Task directions →
All records below are to be repeated exactly, with the pictures left out.
[Given records Boundary: Start]
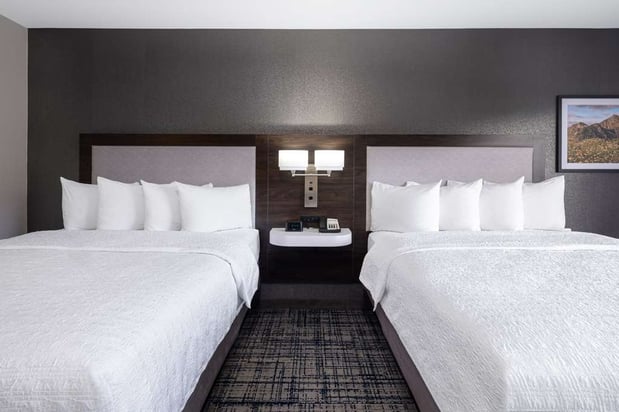 Images Hampton Inn & Suites Agoura Hills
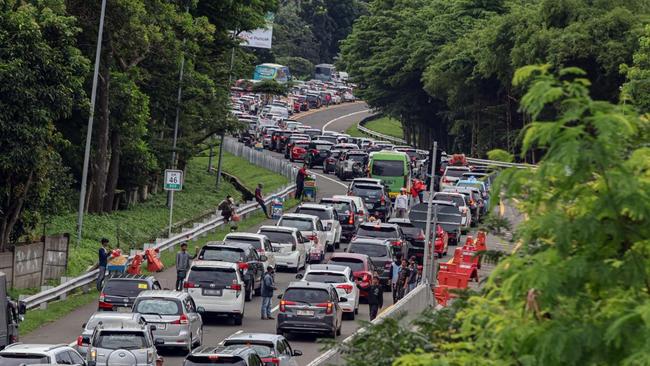 42 Ribu Kendaraan Melintas di Puncak Bogor hingga Siang Ini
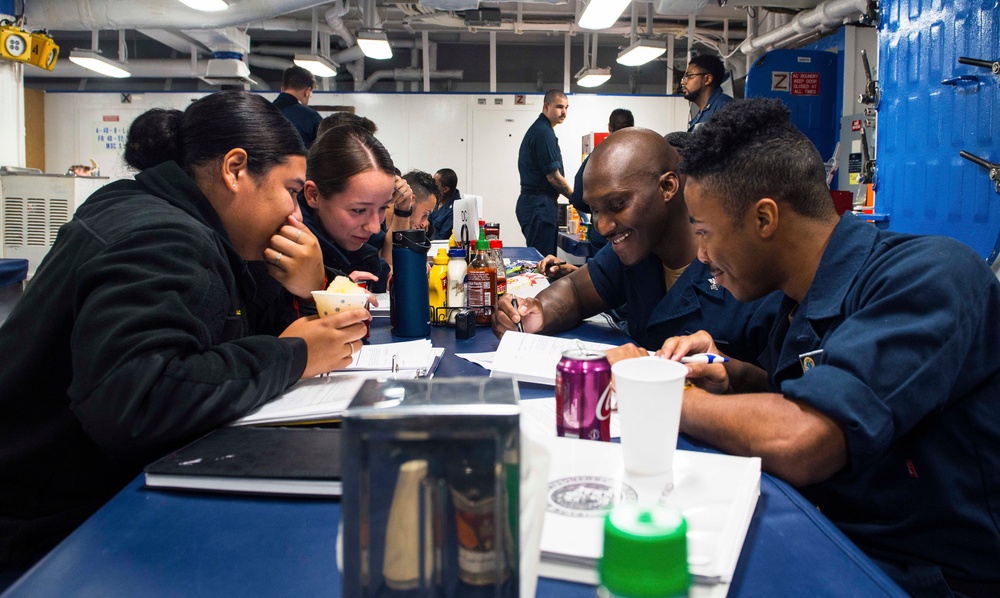 USS MOUNT WHITNEY LSE 23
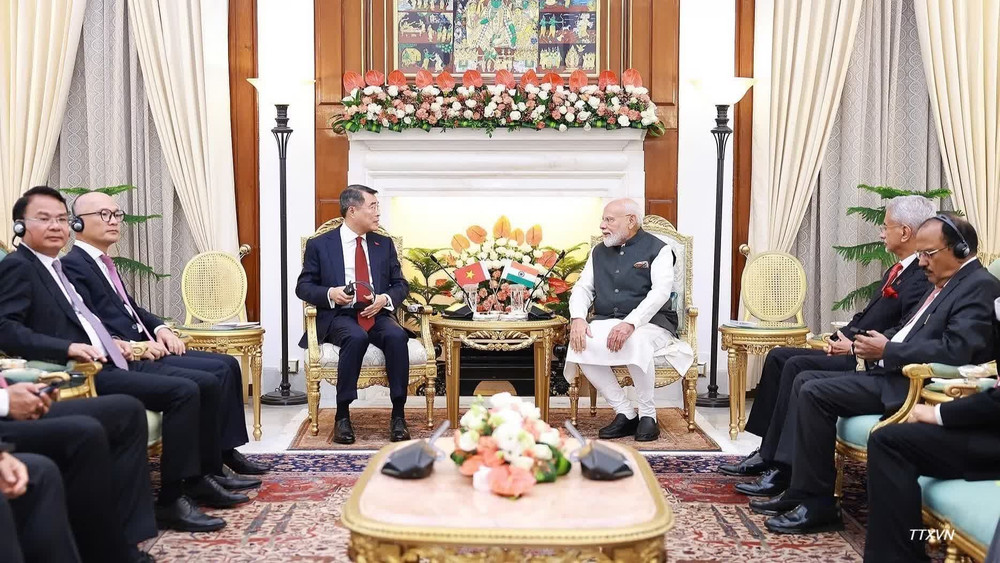 Thủ tướng Lê Minh Hưng hội đàm với Thủ tướng Ấn Độ Narendra Modi. (Ảnh: TTXVN)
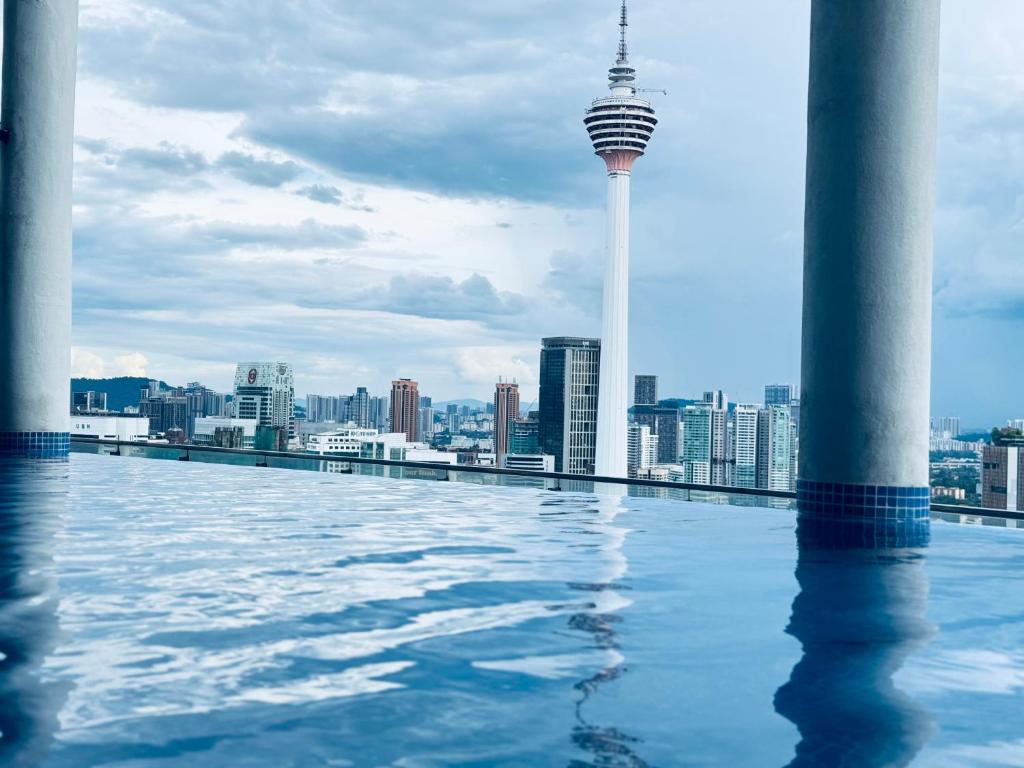 ein Swimmingpool mit Blick auf den Seoul Tower in der Unterkunft XING LUN KLCC The Colony Infinitum in Kuala Lumpur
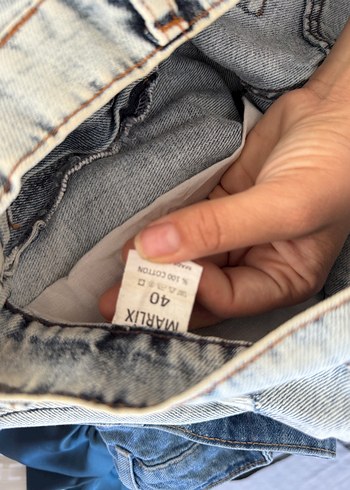 Diğer Gevşek Kesim Yırtık Mini Kot Şort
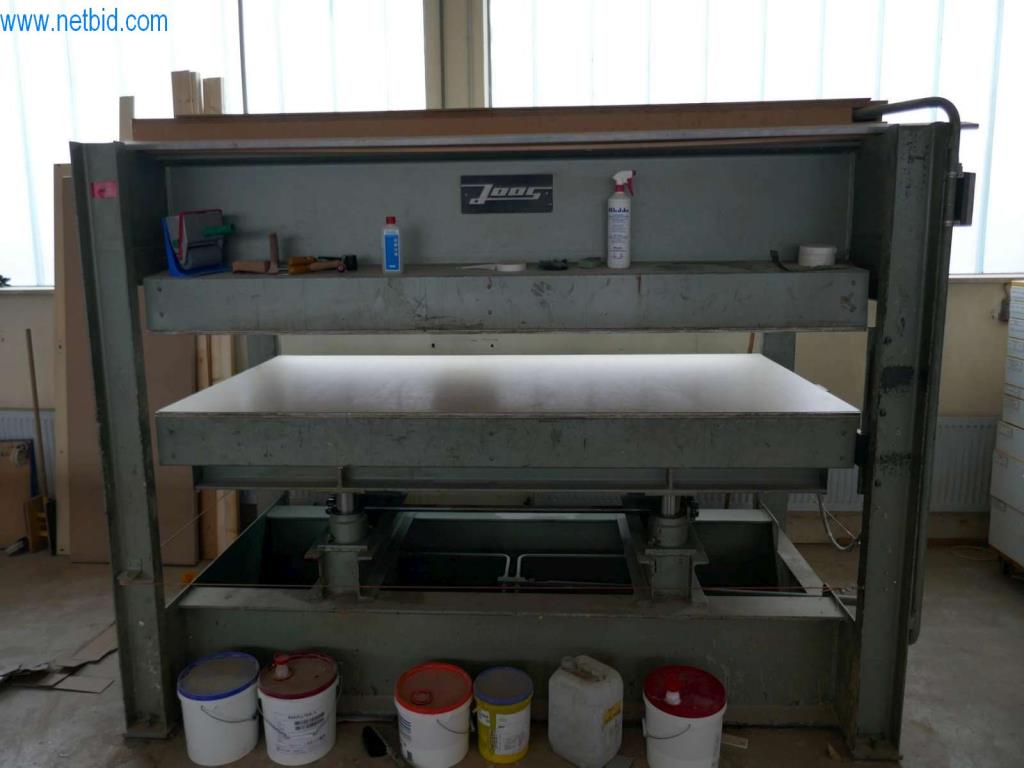 Stroji, nepremičnine, naprave in oprema ter zaloge iz segmenta izdelave mizarskih izdelkov in pohištva-1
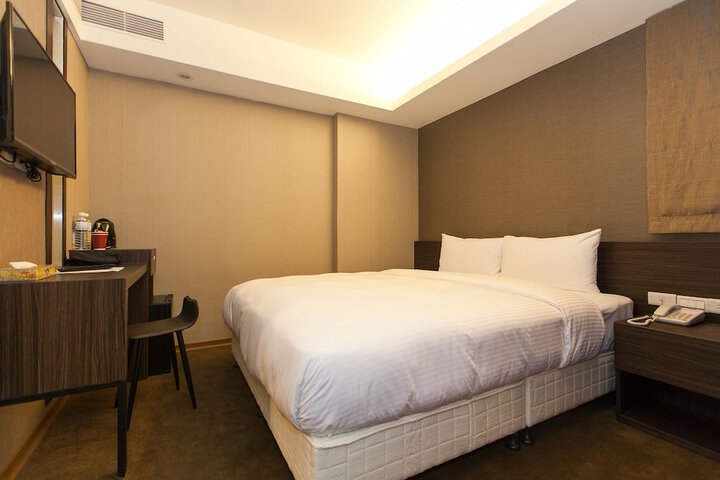 Room 37 of 68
[Given records Boundary: End]
Reply to the exercise →
 Images Hampton Inn & Suites Agoura Hills
 42 Ribu Kendaraan Melintas di Puncak Bogor hingga Siang Ini
 USS MOUNT WHITNEY LSE 23
 Thủ tướng Lê Minh Hưng hội đàm với Thủ tướng Ấn Độ Narendra Modi. (Ảnh: TTXVN)
 ein Swimmingpool mit Blick auf den Seoul Tower in der Unterkunft XING LUN KLCC The Colony Infinitum in Kuala Lumpur
 Diğer Gevşek Kesim Yırtık Mini Kot Şort
 Stroji, nepremičnine, naprave in oprema ter zaloge iz segmenta izdelave mizarskih izdelkov in pohištva-1
 Room 37 of 68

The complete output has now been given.